Y ahí te das cuenta que es como cuando dejas vestirse a cualquier niñe por si sole. Y digo esto porque así lo siento cada vez que tengo que vestirme.

Ahora que me disfrazo de cis para salir al mundo, tengo algunas referencias generales sobre qué cosas sí y qué cosas no. Pero si pudiera me vestiría todos los días de mi vida como Sailor Júpiter.

Y ahí es cuando me enfrento con la realidad de que, más allá de que recién hace unos 15 años empecé a poder vivir progresivamente cómo ésta que hoy soy, ya no puedo ser Sailor Moon. Ese tren ya se me pasó, mientras intentaba acceder a algunos derechos, como la educación o el trabajo.

El sentimiento que me inunda es que estas cosas debería haberlas vivido quizás en la adolescencia, y no ahora que estoy a punto de cumplir 30. Y me detengo en un momento particular de la historia que me revuelve las tripas mientras escribo este texto.

Era diciembre de 2011. Mis compañeras de escuela iban a nuestra recepción con sus familias, amigues y novios, con los hermosos vestidos que se habían mandado a confeccionar desde mitad de año.
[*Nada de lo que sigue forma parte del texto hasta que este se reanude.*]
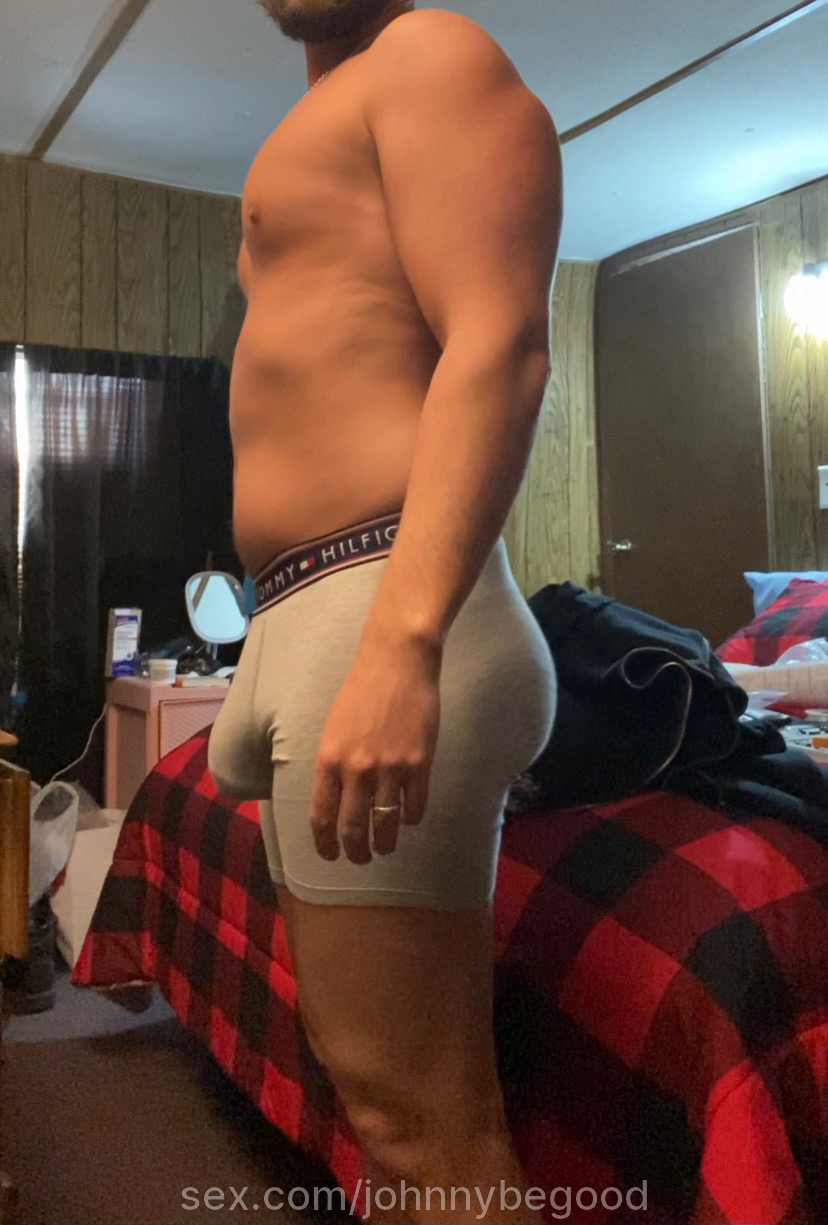 Johnnybegood Am I Looking Nice In My Boxers Boxers Cock Topless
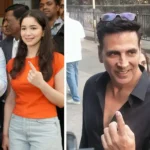 Maharashtra Assembly Polls: Sachin Tendulkar, Akshay Kumar Among Early Voters In Mumbai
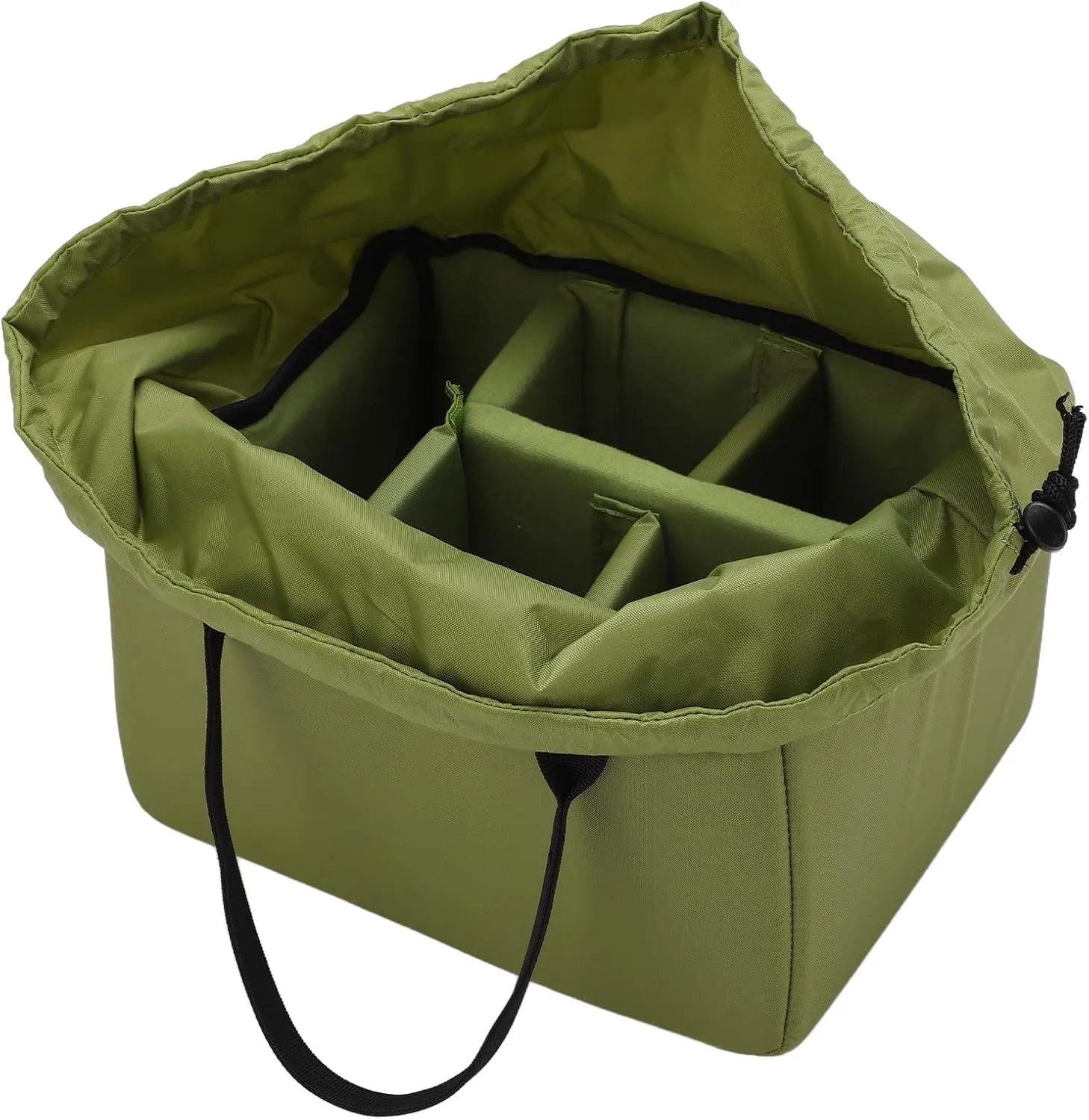 Waterproof Insert Padded Partition Camera Bag Lens Case Compatible for DSLR SLR Camera and Lens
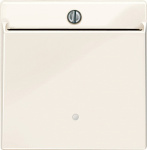 Merten   Abdeckung System M Weiss 315644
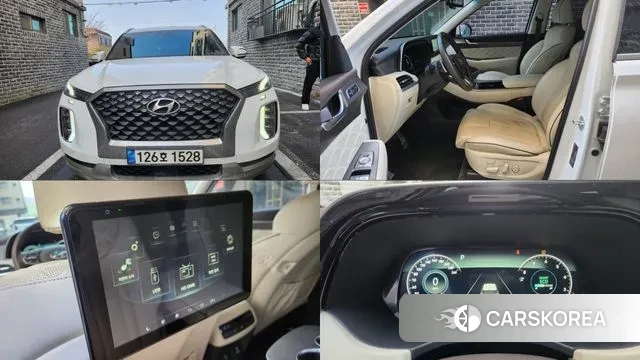 Hyundai Palisade 2022 Белый из Кореи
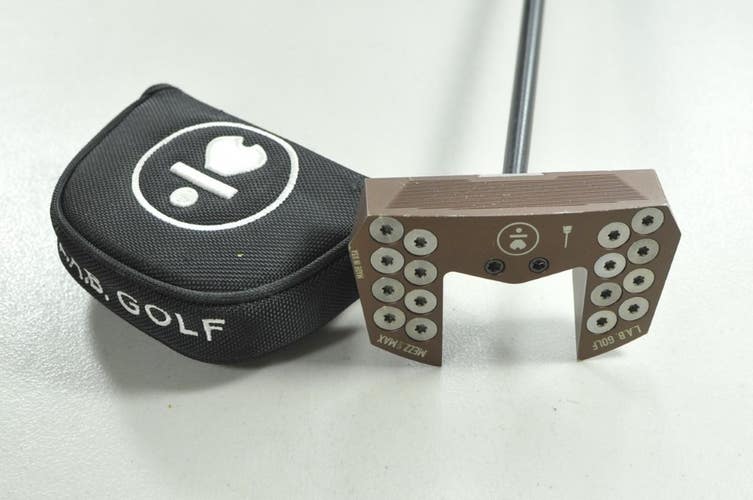 LAB Golf MEZZ.1 Max Sweeper 46" Putter (79.5" Lie Angle) Accra Graphite #209411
Entretanto yo me escapaba de mi casa, para, en algún descampado cercano, maquillarme a oscuras y calzarme una pollera larga que le había robado a mi mamá y que parecía más o menos un vestido si la subía lo suficiente, y llegar vestida como mujer a mi recepción a bailar unas horas en el absoluto ostracismo social.

Entre la vergüenza, la cuestión outsider y la censura social, ni siquiera pude ser protagonista de lo que yo misma había conquistado, que era mi título secundario. No solo nos robaron el tiempo, nos arrebataron los sueños y nos arrancaron el derecho a disfrutar.

Como pocas, hoy tengo la chance de tomar revancha. Voy a ir en estos días de Nacho, que es un diseñador increíble y que ya me vistió para otro sueño que cumplí que fue la conducción del evento Tedx de mi ciudad, y le voy a contar que quiero ese vestido.

Ese vestido que no pude usar cuando tenía 18, ese que señalaba que se cerraba una etapa, que dejaba por fin de ser una niña para convertirme en una joven mujer. Ese vestido que le haga justicia a todo lo que no me dejaron usar, a todo lo que no pude elegir. El vestido de la venganza.